Unlängst wurde ich von einem Gedicht überfallen, das mich im wahrsten Sinn des Wortes umgehauen hätte, wenn ich nicht schon gesessen wäre: wahrlich kein freundliches Gedicht, manche nennen es sogar ein „schauriges“ Gedicht. Und interessant und höchst erstaunlich ist, dass es die wenigstens von uns kennen, obwohl der „Verursacher“ in unser aller Köpfe ist.
„Ach wehe, meine Mutter reißt mich ein“
Ach wehe, meine Mutter reißt mich ein.
Da hab‘ ich Stein auf Stein gelegt
und stand schon wie ein kleines Haus, um das sich groß der Tag bewegt;
sogar allein.
Nun kommt die Mutter, kommt und reißt mich ein.
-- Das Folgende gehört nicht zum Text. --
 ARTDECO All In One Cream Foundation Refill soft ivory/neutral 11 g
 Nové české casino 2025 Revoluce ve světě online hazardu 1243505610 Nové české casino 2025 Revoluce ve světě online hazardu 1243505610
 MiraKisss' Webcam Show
Sie reißt mich ein, indem sie kommt und schaut,
sie sieht nicht, dass da einer baut.
Sie geht mir mitten durch die Wand von Stein.
Ach wehe, meine Mutter reißt mich ein.
Die Vögel fliegen leichter um mich her;
Die fremden Hunde wissen: der ist der,
Nur einzig meine Mutter kennt es nicht
Mein langsam mehr gewordenes Gesicht.
Von dir zu mir war nie ein warmer Wind;
Sie lebt nicht dorten, wo die Lüfte sind.
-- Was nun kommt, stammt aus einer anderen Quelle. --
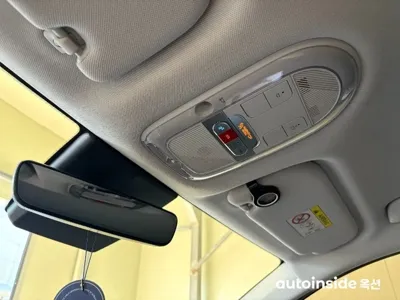 Hyundai Ioniq5 2023, 31852 км, за 17060000 KRW - фото 14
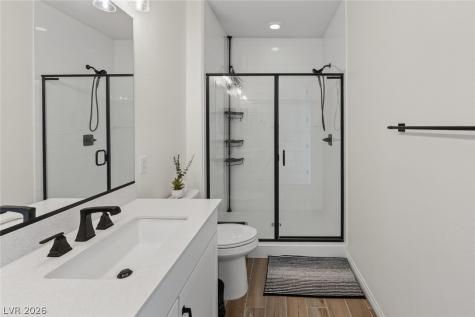 706 Monroe Hill Place Henderson NV 89011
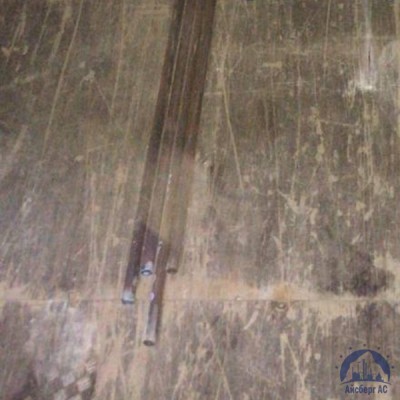 Труба электросварная 10х2 мм ст. 10 ГОСТ 10705-80 купить в Казахстане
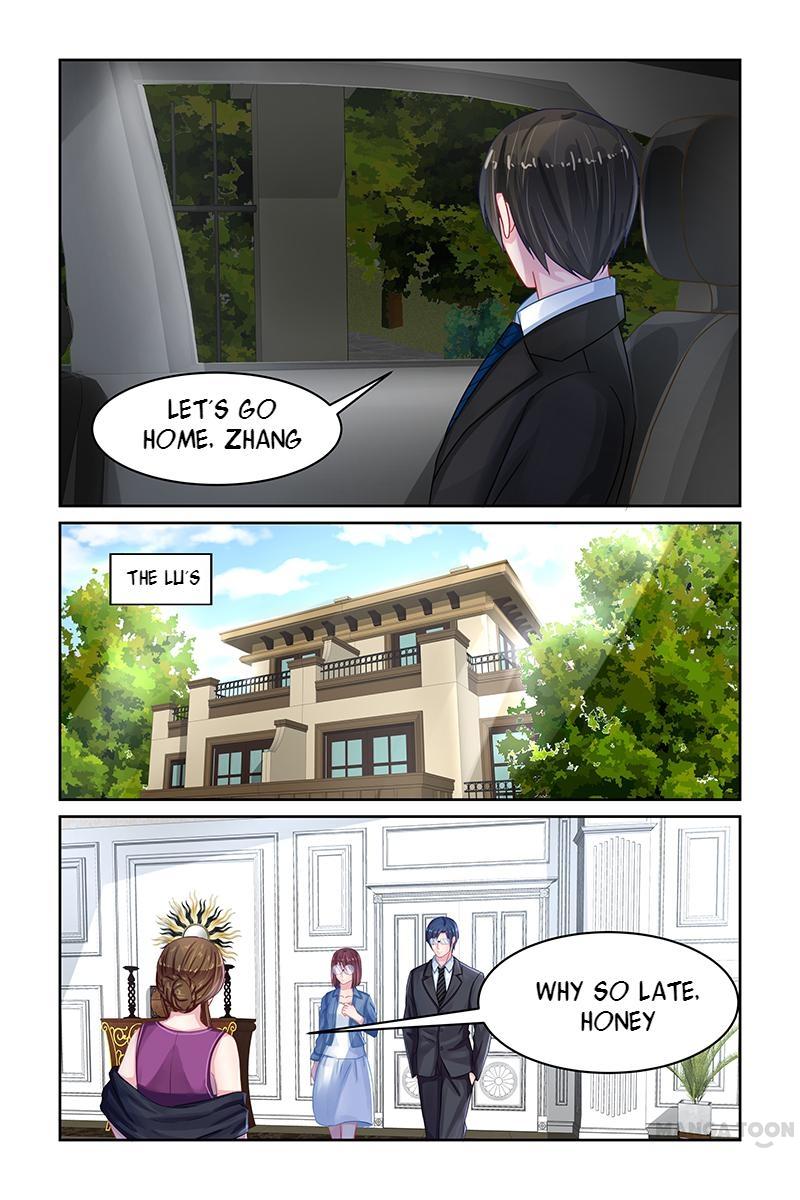 Page 5 of Chapter 81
Sie liegt in einem hohen Herzverschlag,
und Christus kommt und wäscht sie jeden Tag.
Diese Mutter, Phia, stammt aus einer wohlhabenden Familie, der deutschsprachigen Oberschicht in Prag. 1873 heiratete sie den Bahnbeamten Josef Rilke, dessen Offizierskariere gescheitert war und den Max Brod einmal als einen „eleganten Schwerenöter“ bezeichnet hat.
Die Ehe war nicht glücklich. Nach zwölf Jahren trennte man sich. Das erste Kind, ein Mädchen, starb kurz nach der Geburt. Vielleicht war es der Schmerz über diesen Verlust, der die Mutter dazu bewog, den 1875 geborenen Knaben namens Rainer Maria nur mit Puppen spielen zu lassen und ihn bis zum sechsten Lebensjahr als Mädchen zu verkleiden. Als er zehn Jahre alt war wurde er auf die Militärakademie geschickt wo er nach eigenem Bekunden, fürchterlich gelitten hat.
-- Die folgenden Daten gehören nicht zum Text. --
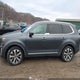 5XYP6DHCXLG024467 2020 Kia Telluride S auction photo thumbnail 14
Seine Mutter Phia, soll eine ausgesprochene fromme, zum Esoterischen neigende Person gewesen sein.
Rilke hat das Gedicht am 14. Oktober 1915 in München für seine damalige Geliebte, die Malerin Loulou Albert – Lasard geschrieben. Sie hatte ihm von dem problematischen Verhältnis zu ihrem Vater erzählt. Rilke widmete ihr das Gedicht „zum Trost und als Zeichen der Anteilnahme“, wie er sagte.
Wenige Tage vor der Niederschrift hatte Phia ihn noch besucht. Es war die letzte Begegnung von Mutter und Sohn.
1926 erlag Rilke einer Leukämie. Das Gedicht erschien erst 1952 in Loulou Erinnerungen.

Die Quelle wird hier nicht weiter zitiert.